23. Bring a black marker. Return the exam with all questions and answers completely blacked out.

24. Get the exam. Twenty minutes into it, throw your papers down violently, scream out "Forget this!" and walk out triumphantly.

25. Arrange a protest before the exam starts (i. e. Threaten the instructor that whether or not everyone's done, they are all leaving after one hour to go drink)

26. Show up completely drunk. (Completely drunk means at some point during the exam, you should start crying for mommy).

27. Every now and then, clap twice rapidly. If the instructor asks why, tell him/her in a very derogatory tone, "the light bulb that goes on above my head when I get an idea is hooked up to a clapper. DUH!"

28. Comment on how sexy the instructor is looking that day.

29. Come to the exam wearing a black cloak. After about 30 minutes, put on a white mask and start yelling "I'm here, the phantom of the opera" until they drag you away.

30. Go to an exam for a class you have no clue about, where you know the class is very small, and the instructor would recognize you if you belonged. Claim that you have been to every lecture. Fight for your right to take the exam.

31. Upon receiving the exam, look it over, while laughing loudly, say "you don't really expect me to waste my time on this drivel? Days of our Lives is on!!!"

32. Bring a water pistol with you.

33. From the moment the exam begins, hum the theme to Jeopardy. Ignore the instructor's requests for you to stop. When they finally get you to leave one way or another, begin whistling the theme to the Bridge on the River Kwai.

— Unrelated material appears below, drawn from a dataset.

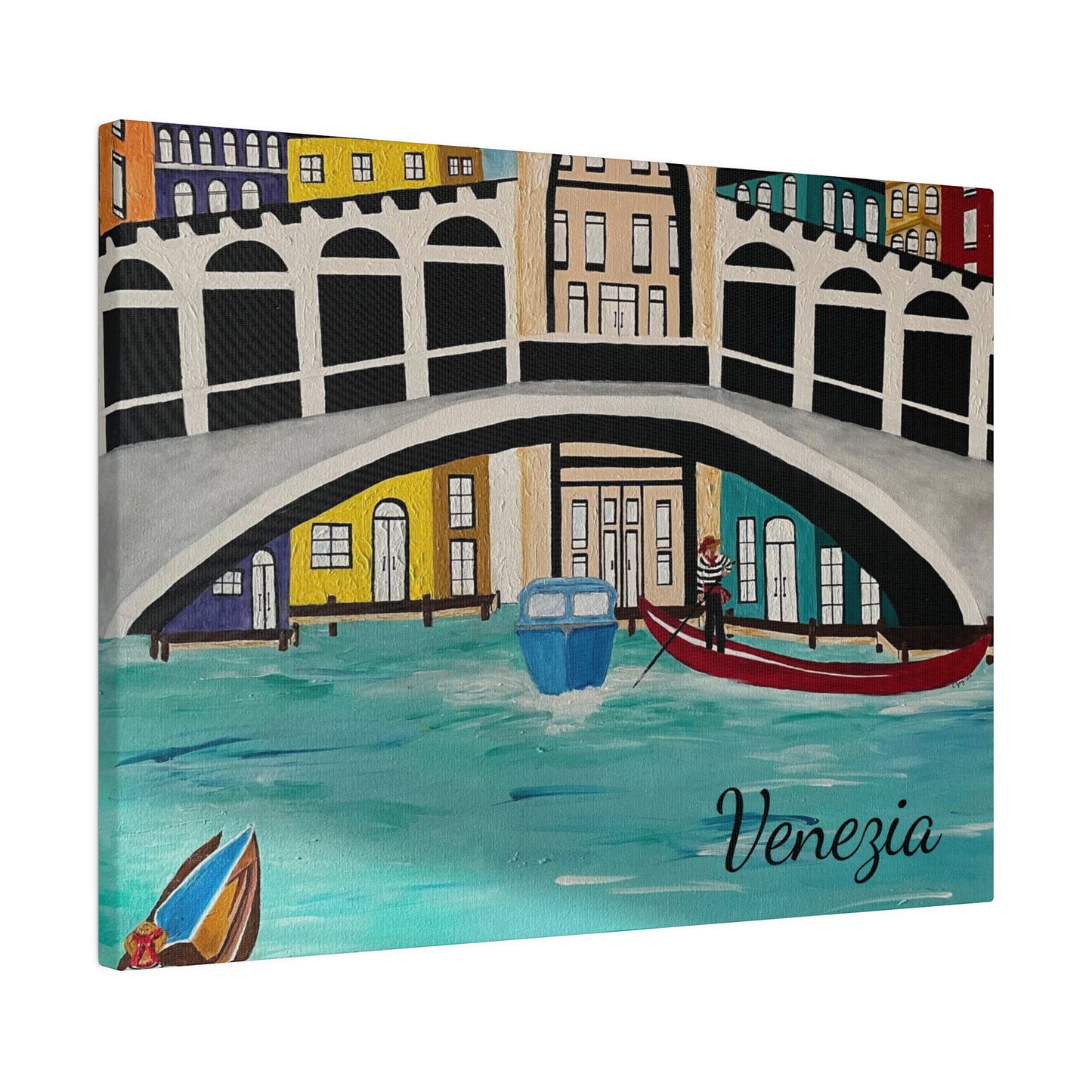 Venice Italy Wall Art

34. Start a brawl in the middle of the exam.

35. If the exam is math/science related, make up the longest proofs you could possibly think of. Get pi and imaginary numbers into most equations. If it is a written exam, relate everything to your own life story.

36. Come in wearing a full knight's outfit, complete with sword and shield.

37. Bring a friend to give you a back massage the entire way through the exam. Insist this person is needed, because you have bad circulation.

38. Bring cheat sheets for another class (make sure this is obvious. . . like history notes for a calculus exam. . . otherwise you're not just failing, you're getting kicked out too) and staple them to the exam, with the comment "Please use the attached notes for references as you see fit. "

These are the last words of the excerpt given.